[Start of section]
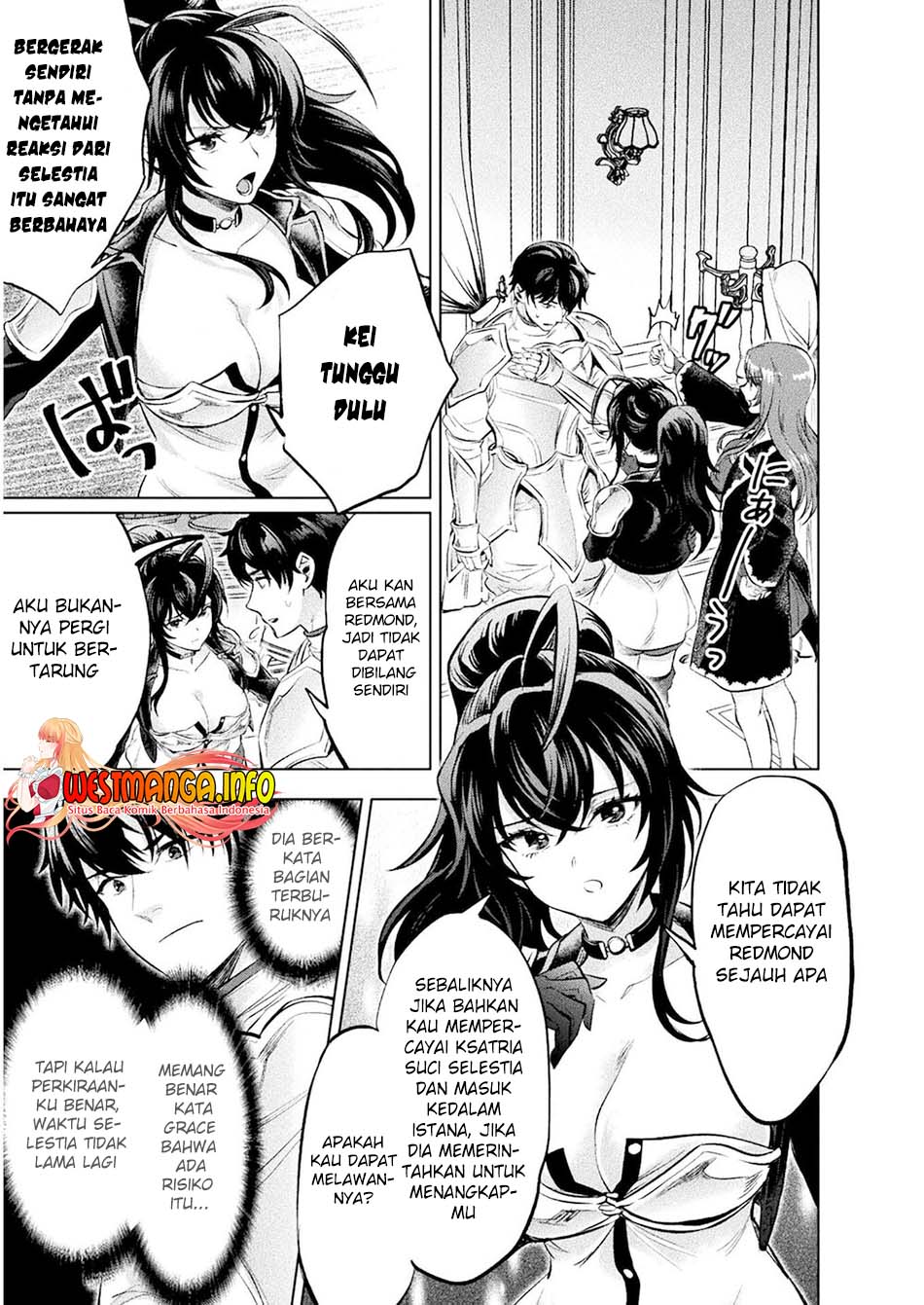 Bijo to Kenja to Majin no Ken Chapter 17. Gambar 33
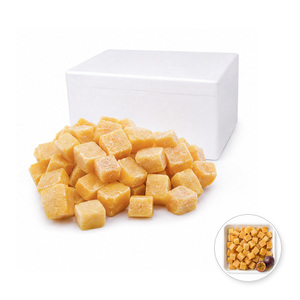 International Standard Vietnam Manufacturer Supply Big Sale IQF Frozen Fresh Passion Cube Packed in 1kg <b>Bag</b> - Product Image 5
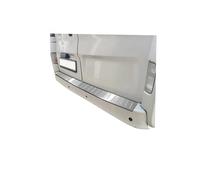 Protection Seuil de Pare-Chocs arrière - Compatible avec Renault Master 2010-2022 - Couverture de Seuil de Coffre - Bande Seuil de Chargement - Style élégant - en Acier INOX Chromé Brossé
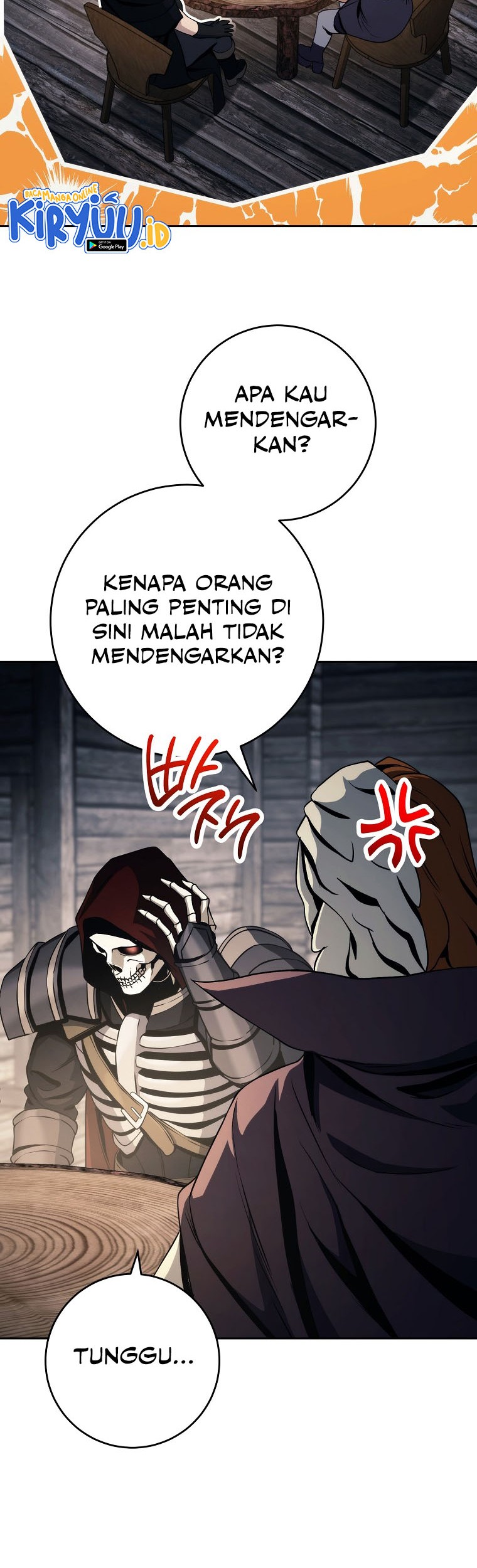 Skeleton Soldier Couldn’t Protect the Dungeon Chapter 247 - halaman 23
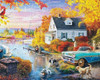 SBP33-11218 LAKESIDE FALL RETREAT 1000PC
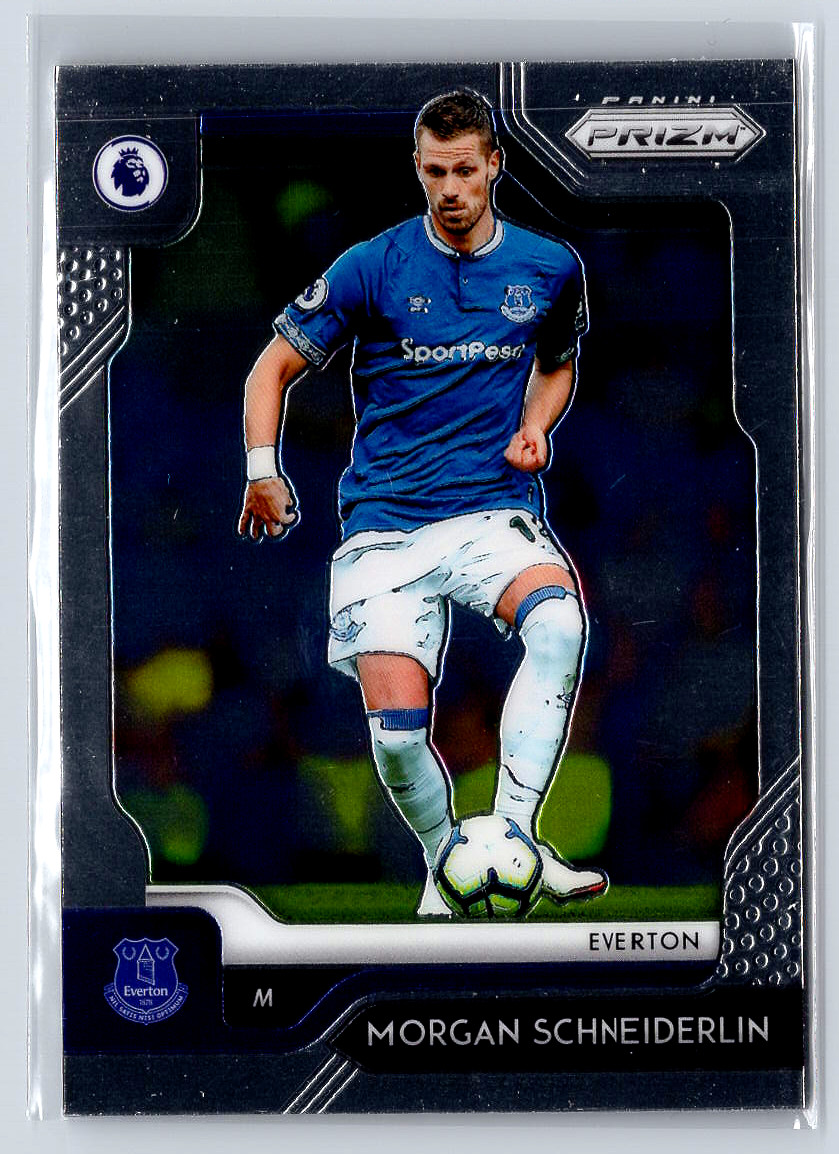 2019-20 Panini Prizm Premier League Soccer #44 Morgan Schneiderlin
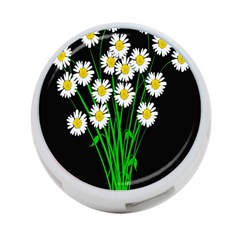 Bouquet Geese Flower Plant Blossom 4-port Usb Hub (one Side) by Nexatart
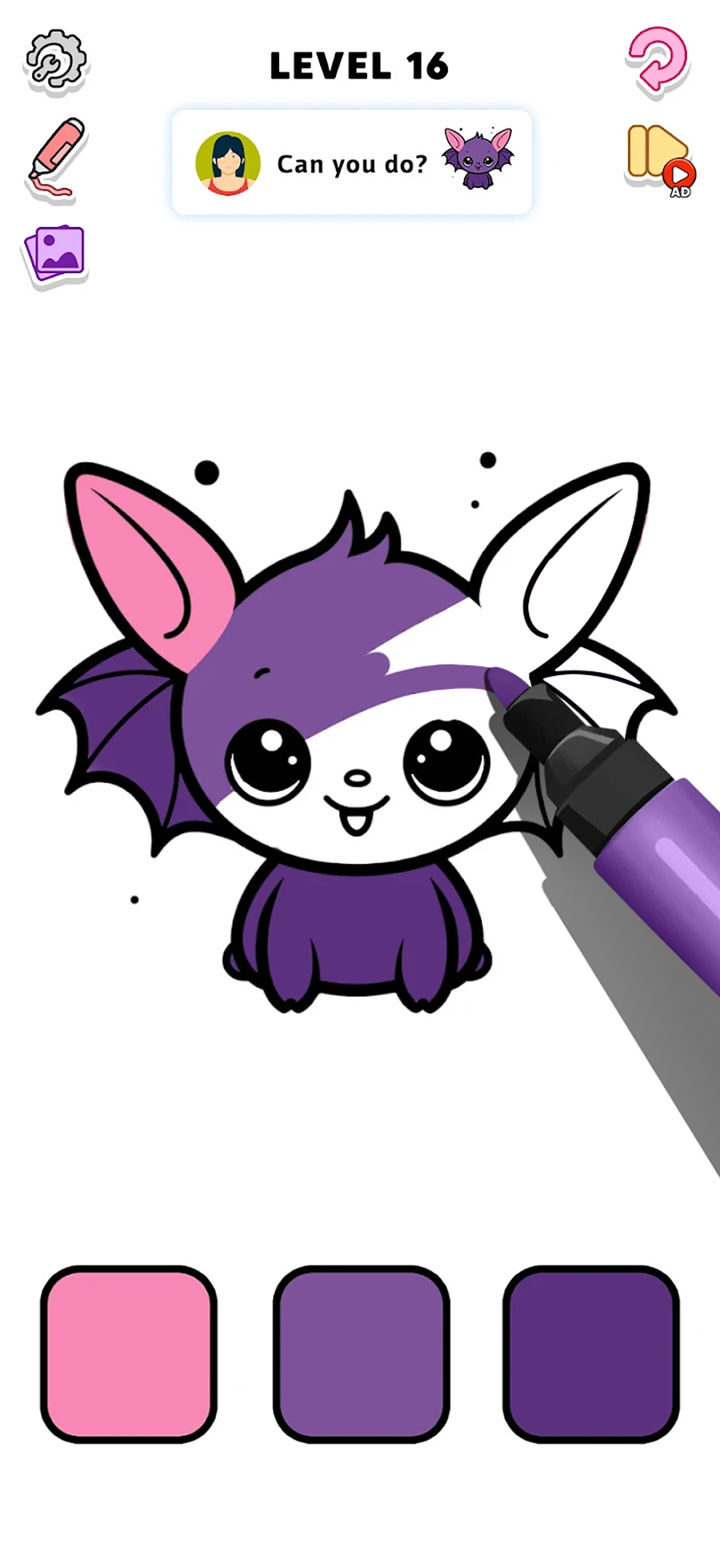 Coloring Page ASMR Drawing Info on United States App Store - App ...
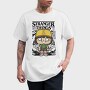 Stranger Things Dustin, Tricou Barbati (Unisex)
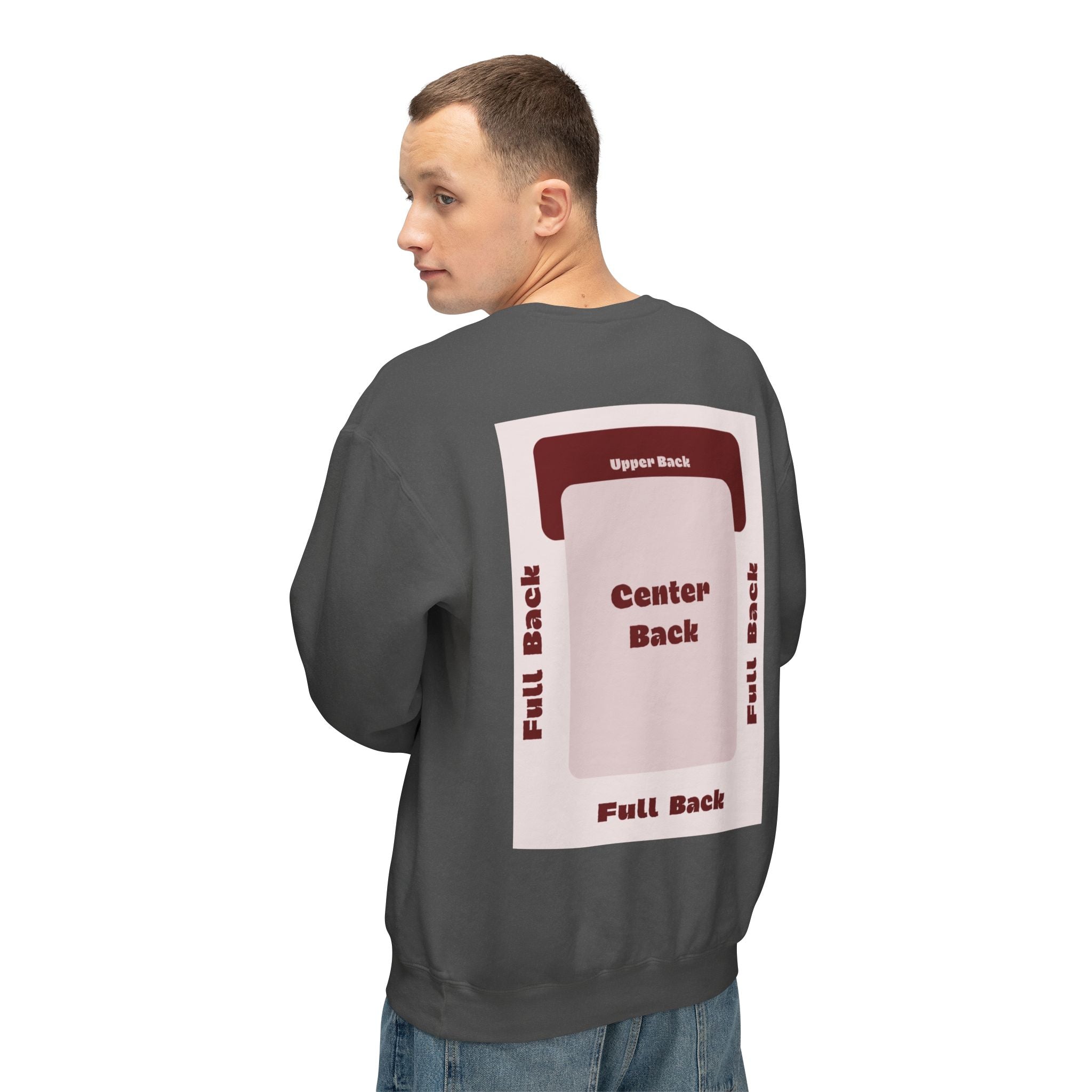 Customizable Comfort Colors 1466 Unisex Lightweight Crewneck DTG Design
[End of section]
# [Assignment]
What you give back must be exactly the lines from the opening line of the entries through the line holding "Protection Seuil de", with no pictures.

# [Exercise output]
 Bijo to Kenja to Majin no Ken Chapter 17. Gambar 33
 International Standard Vietnam Manufacturer Supply Big Sale IQF Frozen Fresh Passion Cube Packed in 1kg <b>Bag</b> - Product Image 5
 Protection Seuil de Pare-Chocs arrière - Compatible avec Renault Master 2010-2022 - Couverture de Seuil de Coffre - Bande Seuil de Chargement - Style élégant - en Acier INOX Chromé Brossé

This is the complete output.